Friday, July 30, 2021

I have to wonder if Spidey gave the Surfer the hassle about this later.

Weirdly, Marvel's used "When Carnage Comes Calling" on the cover before, and it's feels like a Silver Age cover caption, and I'm not sure that works for a serial killer like Carnage? From 2000, Peter Parker: Spider-Man #13, "Living in Oblivion" Written by Howard Mackie, pencils by Lee Weeks, inks by Robert Campanella. 

Carnage takes down Spidey and Venom, in a seeming waking dream, or really loud fantasy. As plain serial killer Cletus Kassidy, he might not have been as tough without his symbiote, but promises a guard they will be reunited. Spidey later notes that previously the Silver Surfer had imprisoned Carnage in "a supposedly unbreakable shell of ethereal energy," which Spidey almost seems to think would have been permanent. (Would that have been too much? Maybe for somebody other than Carnage, but...) Venom had taken the Carnage symbiote away after that; but Cletus is still dangerous, escaping after a prison bus crash, out to "paint the town red!" Somewhat literally: at first glance, Cletus appears to have killed some cops and covered himself in their blood, but there are paint cans behind him. 

Spidey spends most of this issue pining for his wife Mary Jane, unaware that Aunt May has just been told that her plane has...something bad. Something we're not told here; I think it had just disappeared, or at least MJ had, since I think Marvel might've been testing the waters. Mary Jane was a beloved supporting character, Wizard fan-favorite, poster girl; but did Marvel already want to backtrack away from married Peter Parker? And I think it set up a sort of narrative cul-de-sac: the larger world and his supporting cast believed Mary Jane was dead, but Spidey refused to buy it and followed leads and red herrings to try and find her. There's also a sense that Peter is sick of being Spider-Man: he knows he's needed, but was burned out on the treadmill of recurring villains. That would build up to PP: SM #16, which we saw briefly some time back, where Spidey hangs a lot of lampshades on some of the repetitive elements in his stories. (It's an idea that I'm not sure you can use with Spidey without breaking him?)
Back to Carnage, covered in red paint in the streets of NYC, and calling out Spider-Man and Venom: one of the Kingpin's goons tries to get this red nut off the boss's car, but the Kingpin points up, indicating Spidey coming in. Claiming to still have some of his "other's" strength, Cletus throws a hubcap at Spidey; but gets taken down quickly, as Venom silently watches. Spidey resolves to take back his life with Mary Jane and swings home, just in time to get the bad news...
Aside: Aunt May has a couple lines about Peter; about him being frail, and wanting to hold him as when he was a child; that are somewhat infantilizing? He's a grown-ass man! I'm not sure how long MJ was MIA--her Marvel wiki page didn't even bring this stretch up. But Mary Jane shows up on the cover of PP: SM #29, which I'm going to assume really happened and wasn't a fakeout? It was after Mackie's run ended and Paul Jenkins took over. And Lee Weeks is, as always, pretty great here: feel like he's an artist that doesn't get mad love, but is so reliably solid in everything that he should be appreciated more.

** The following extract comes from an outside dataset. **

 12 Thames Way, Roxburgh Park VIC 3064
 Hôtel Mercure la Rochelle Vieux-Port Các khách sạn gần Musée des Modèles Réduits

Also this issue: A "Fast Lane" Spidey insert and a Spidey "Got Milk" ad! Yet it wasn't a high-water point for the actual book. 

1 comment:

  1. Yeah Lee Weeks definitely doesn't get enough credit or appreciation for being such a steady, dependable talent. I guess because like other similar steady pros, like Aparo, Ryan, etc, his style's not particularly flashy?
    I do know thoroughly enjoyed his run on DD after he took over for JRJR. Their similar styles helped make the transition a lot smoother.

    Yeah, Surfer really dropped the ball on that one in-story. Outside that, Mackie kinda' did by letting him escape and the editor for also not keeping tabs on that story point to correct him.